Ekspresi pria paruh baya itu berubah dingin: “Lalu bagaimana dengan kabut darah ini? Bagaimana Yang Mulia menjelaskan kematian orang-orang di Divisi Alam Semesta Keempatku?”
“Aku tidak ikut campur, begitu pula bawahanku.”
Su Han mencibir: “Mereka hanya melepaskan sedikit tekanan, tetapi pasukan Divisi Alam Semesta Keempatmu terlalu rapuh, tidak mampu menahan sedikit pun. Ini sangat berbeda dari apa yang kubayangkan tentang Divisi Alam Semesta Keempat.”
“Apakah kau tidak tahu tingkat kultivasi bawahanmu? Apakah Yang Mulia mengira pasukan biasa dari Divisi Alam Semesta Keempat ini mampu menahan seranganku?!” Pria paruh baya itu sangat marah.

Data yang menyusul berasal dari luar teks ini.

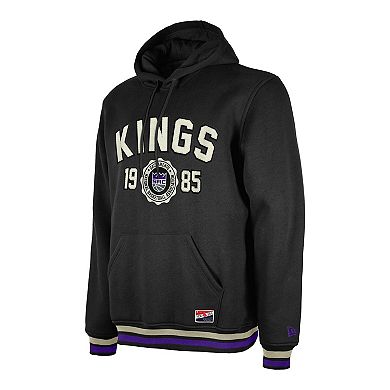 Men's New Era Black Sacramento Kings Throwback Vintage Pullover Hoodie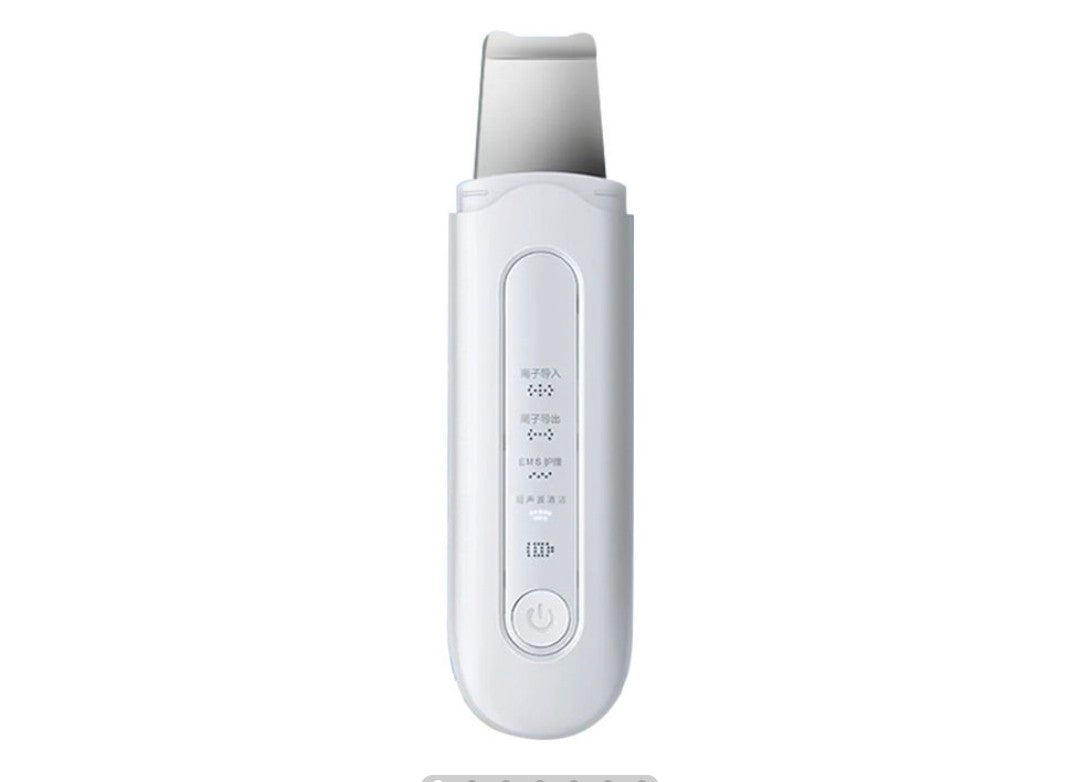White electronic device with digital display on a white background
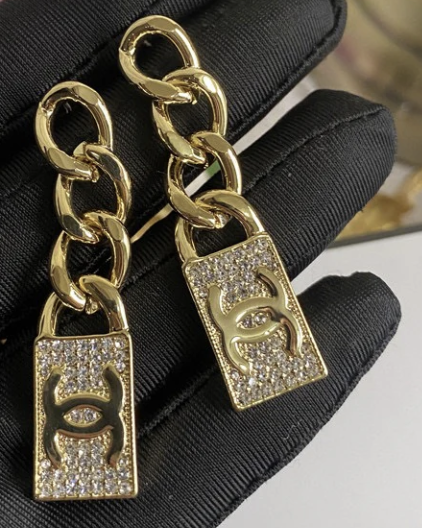 Chanel CC Dog Tag Charm Pierced Earrings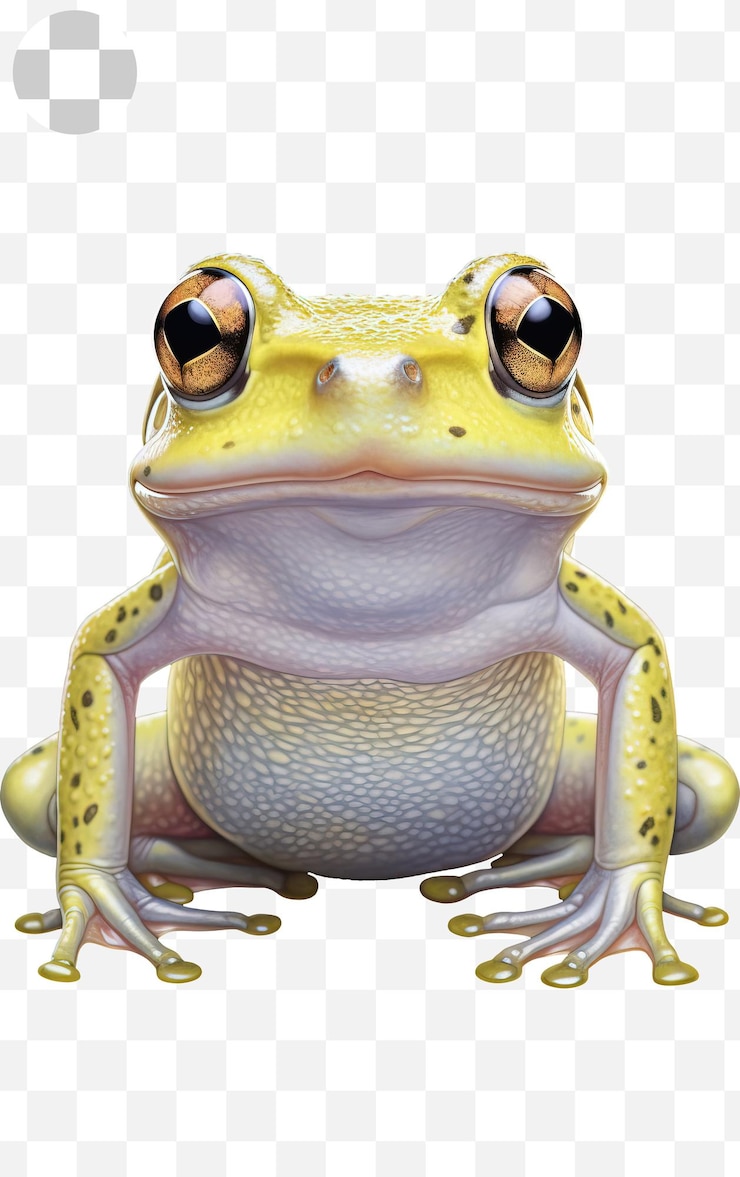 PSD retrato de rana verde con fondo en png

Ekspresi Su Han tiba-tiba berubah dingin: “Karena mereka tidak mampu menahannya, mengapa kau menghalangi kami di sini? Mengetahui kau bukan tandingan, kau tetap bersikeras bertindak gegabah. Aku akan mengantar mereka pergi; mereka seharusnya berterima kasih padaku!”
“Kau!”
Mata pria paruh baya itu melebar, terdiam sejenak.
“Minggir dari jalanku!”
Su Han menatap pria paruh baya itu: “Hak apa yang kau miliki untuk mempertanyakan aku di sini? Aku sudah menunjukkan belas kasihan dengan memberikan penjelasan. Jika kau berani menghalangiku lagi, pergilah bersama mereka!”
Napas pria paruh baya itu cepat, dadanya naik turun, matanya sangat jahat, seolah-olah ingin melahap Su Han hidup-hidup.
Itu menunjukkan kemarahannya!
Tidak ada yang menyangka Su Han berani datang ke markas untuk membunuh orang!
Konferensi kosmik bahkan belum dimulai, dan berbagai kekuatan bahkan belum mengeluarkan pernyataan. Mungkinkah dialah yang paling bersemangat untuk memicu perang kosmik?
Tentu saja.
Kemarahannya, ditambah dengan keengganannya untuk berbicara, juga menunjukkan rasa pengecut dari makhluk pseudo-tertinggi ini!
Makhluk lain mungkin tidak tahu seperti apa Su Han itu, tetapi keempat divisi kosmik paling mengenalnya.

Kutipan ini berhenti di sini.